Create a Snowflake Project Workspace

Audience: Project Owners and members

Content Summary: This tutorial configures a Snowflake workspace.

Use Case

Compliance Requirement: Users can only WRITE to specified locations in Dev, and these users need to share this data with other Dev users.

After Dev users have analyzed data, they need to write content back to Immuta and share it with other Dev users. To allow them to write data back to Immuta, project owners need to create workspaces for their projects. Then, users can share the data they've written to Immuta with other users as derived data sources.
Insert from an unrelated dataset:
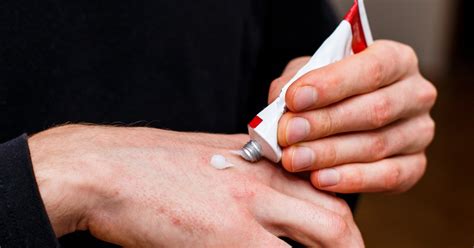 topical steroid withdrawal syndrome penarc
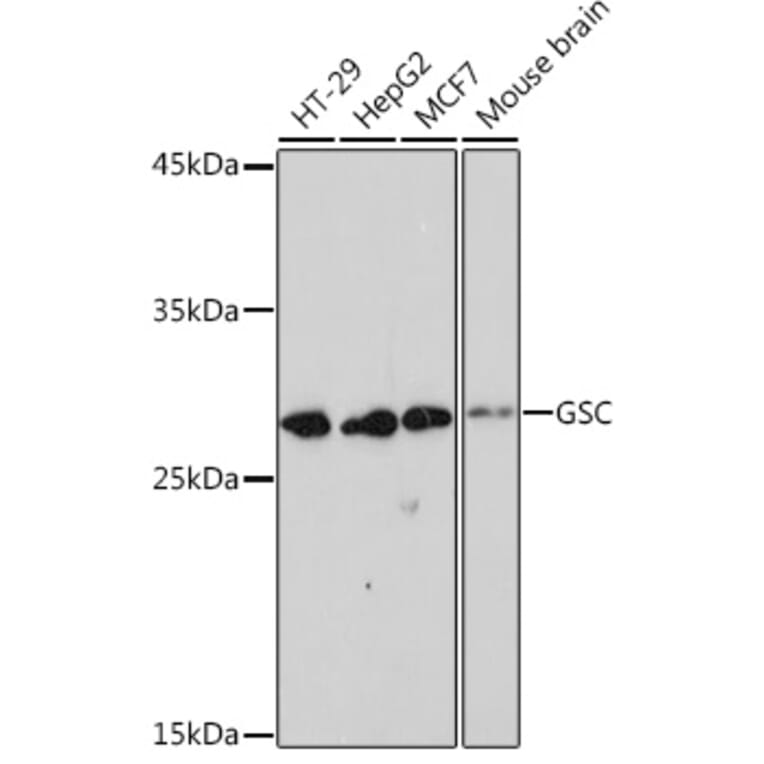 Western Blot - Anti-GSC Antibody [ARC2343] (A307590) - Antibodies.com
1 - Create a Snowflake Workspace

Workspaces can be enabled in the New Project modal when creating a new project, but project owners can enable this feature at any point on the project's Policies tab.
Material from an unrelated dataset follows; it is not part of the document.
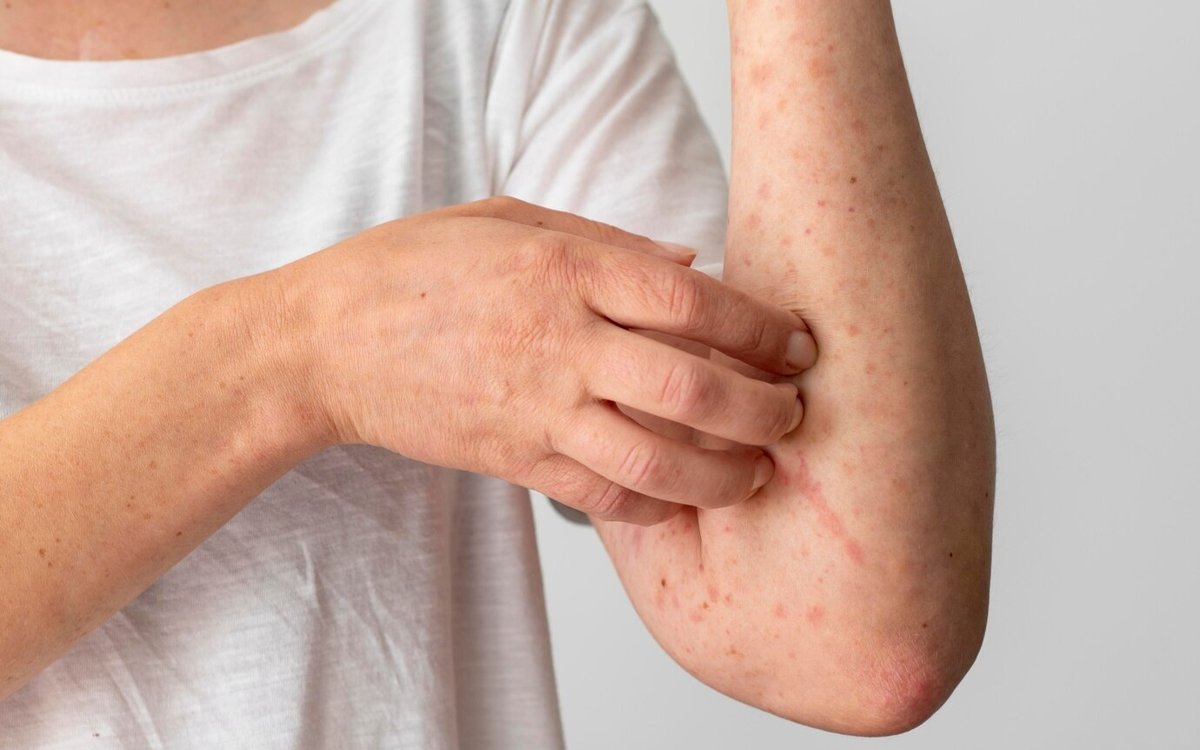 В ВКО 13 человек заболели корью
  1. Navigate to the Policies tab and enable Project Equalization by clicking the Project Equalization slider to on.

  2. Scroll to the Native Workspace section and click Create.

    Create Native Workspace

  3. Select Snowflake from the Workspace Configuration dropdown menu.

    Native Snowflake Workspace

  4. Name the Workspace Schema. By default, the schema name is based off of the project name, but you can change it here. Your project workspace will exist within this schema under Snowflake under the database configured by the Application Admin.

  5. Use the dropdown menu to select the Hostname. Projects can only be configured to use one Snowflake host.

  6. Select one or more Warehouses to be available to project members when they are working in the Snowflake workspace.

  7. Click Create to enable the workspace.

2 - Write Data to the Workspace

Once the workspace is created, project members will see relevant data sources in the Snowflake UI when working under the project context.

  1. Select the Role created by the project workspace. The role created will be a combination of the database name (configured by the Application Admin) and the schema name (set in the previous section by the project owner). In this scenario, the role created was KW_TEST_DEV_MY_PROJECT:

    Select Snowflake Role

    Role Not Selected

    Because this user has not yet selected the correct role (KW_TEST_DEV_MY_PROJECT), no project data is visible in the Results window.

    Snowflake Role Not Selected

    Role Selected

    The user has selected the KW_TEST_DEV_MY_PROJECT role, so the project data is now visible.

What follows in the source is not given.